Top of DATA PROVIDED

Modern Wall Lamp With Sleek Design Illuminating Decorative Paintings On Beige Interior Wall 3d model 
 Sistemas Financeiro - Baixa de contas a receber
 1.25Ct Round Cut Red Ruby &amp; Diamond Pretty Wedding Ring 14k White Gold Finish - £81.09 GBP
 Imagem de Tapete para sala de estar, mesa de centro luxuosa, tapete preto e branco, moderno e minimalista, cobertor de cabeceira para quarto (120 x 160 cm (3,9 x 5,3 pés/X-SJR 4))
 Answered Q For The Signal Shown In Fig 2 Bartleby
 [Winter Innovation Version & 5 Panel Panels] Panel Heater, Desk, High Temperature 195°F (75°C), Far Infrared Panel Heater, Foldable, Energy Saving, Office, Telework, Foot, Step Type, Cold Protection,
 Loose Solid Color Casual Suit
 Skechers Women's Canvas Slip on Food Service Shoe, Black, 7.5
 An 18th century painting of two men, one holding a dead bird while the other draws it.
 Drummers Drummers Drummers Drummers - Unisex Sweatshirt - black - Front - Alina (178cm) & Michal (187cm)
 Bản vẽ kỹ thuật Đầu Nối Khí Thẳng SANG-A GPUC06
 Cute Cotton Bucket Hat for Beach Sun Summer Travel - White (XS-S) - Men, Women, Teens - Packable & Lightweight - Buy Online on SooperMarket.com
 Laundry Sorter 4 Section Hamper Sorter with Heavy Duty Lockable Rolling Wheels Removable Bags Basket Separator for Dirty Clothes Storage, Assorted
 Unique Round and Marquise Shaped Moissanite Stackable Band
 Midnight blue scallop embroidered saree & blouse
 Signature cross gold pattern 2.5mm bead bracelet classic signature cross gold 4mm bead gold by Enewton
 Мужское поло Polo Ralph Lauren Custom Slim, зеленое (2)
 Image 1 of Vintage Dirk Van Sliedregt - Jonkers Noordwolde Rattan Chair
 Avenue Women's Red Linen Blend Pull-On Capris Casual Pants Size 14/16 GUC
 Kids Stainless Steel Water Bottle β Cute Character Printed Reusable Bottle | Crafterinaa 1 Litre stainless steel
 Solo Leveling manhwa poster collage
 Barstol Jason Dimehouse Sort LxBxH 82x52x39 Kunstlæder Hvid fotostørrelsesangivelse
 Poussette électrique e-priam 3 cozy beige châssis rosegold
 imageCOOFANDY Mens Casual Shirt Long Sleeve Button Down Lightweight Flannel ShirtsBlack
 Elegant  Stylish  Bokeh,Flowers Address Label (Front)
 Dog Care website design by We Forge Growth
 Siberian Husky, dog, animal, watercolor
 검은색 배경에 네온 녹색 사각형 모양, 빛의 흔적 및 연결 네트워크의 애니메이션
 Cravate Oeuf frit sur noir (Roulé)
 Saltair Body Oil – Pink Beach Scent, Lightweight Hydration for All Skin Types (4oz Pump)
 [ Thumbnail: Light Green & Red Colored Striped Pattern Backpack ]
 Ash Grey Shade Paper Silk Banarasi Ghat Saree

Bottom of DATA PROVIDED

▸ WHAT NEEDS TO BE DONE
Write the data above out again in full, exactly.

▸ THE COMPLETED TASK
Modern Wall Lamp With Sleek Design Illuminating Decorative Paintings On Beige Interior Wall 3d model 
 Sistemas Financeiro - Baixa de contas a receber
 1.25Ct Round Cut Red Ruby &amp; Diamond Pretty Wedding Ring 14k White Gold Finish - £81.09 GBP
 Imagem de Tapete para sala de estar, mesa de centro luxuosa, tapete preto e branco, moderno e minimalista, cobertor de cabeceira para quarto (120 x 160 cm (3,9 x 5,3 pés/X-SJR 4))
 Answered Q For The Signal Shown In Fig 2 Bartleby
 [Winter Innovation Version & 5 Panel Panels] Panel Heater, Desk, High Temperature 195°F (75°C), Far Infrared Panel Heater, Foldable, Energy Saving, Office, Telework, Foot, Step Type, Cold Protection,
 Loose Solid Color Casual Suit
 Skechers Women's Canvas Slip on Food Service Shoe, Black, 7.5
 An 18th century painting of two men, one holding a dead bird while the other draws it.
 Drummers Drummers Drummers Drummers - Unisex Sweatshirt - black - Front - Alina (178cm) & Michal (187cm)
 Bản vẽ kỹ thuật Đầu Nối Khí Thẳng SANG-A GPUC06
 Cute Cotton Bucket Hat for Beach Sun Summer Travel - White (XS-S) - Men, Women, Teens - Packable & Lightweight - Buy Online on SooperMarket.com
 Laundry Sorter 4 Section Hamper Sorter with Heavy Duty Lockable Rolling Wheels Removable Bags Basket Separator for Dirty Clothes Storage, Assorted
 Unique Round and Marquise Shaped Moissanite Stackable Band
 Midnight blue scallop embroidered saree & blouse
 Signature cross gold pattern 2.5mm bead bracelet classic signature cross gold 4mm bead gold by Enewton
 Мужское поло Polo Ralph Lauren Custom Slim, зеленое (2)
 Image 1 of Vintage Dirk Van Sliedregt - Jonkers Noordwolde Rattan Chair
 Avenue Women's Red Linen Blend Pull-On Capris Casual Pants Size 14/16 GUC
 Kids Stainless Steel Water Bottle β Cute Character Printed Reusable Bottle | Crafterinaa 1 Litre stainless steel
 Solo Leveling manhwa poster collage
 Barstol Jason Dimehouse Sort LxBxH 82x52x39 Kunstlæder Hvid fotostørrelsesangivelse
 Poussette électrique e-priam 3 cozy beige châssis rosegold
 imageCOOFANDY Mens Casual Shirt Long Sleeve Button Down Lightweight Flannel ShirtsBlack
 Elegant  Stylish  Bokeh,Flowers Address Label (Front)
 Dog Care website design by We Forge Growth
 Siberian Husky, dog, animal, watercolor
 검은색 배경에 네온 녹색 사각형 모양, 빛의 흔적 및 연결 네트워크의 애니메이션
 Cravate Oeuf frit sur noir (Roulé)
 Saltair Body Oil – Pink Beach Scent, Lightweight Hydration for All Skin Types (4oz Pump)
 [ Thumbnail: Light Green & Red Colored Striped Pattern Backpack ]
 Ash Grey Shade Paper Silk Banarasi Ghat Saree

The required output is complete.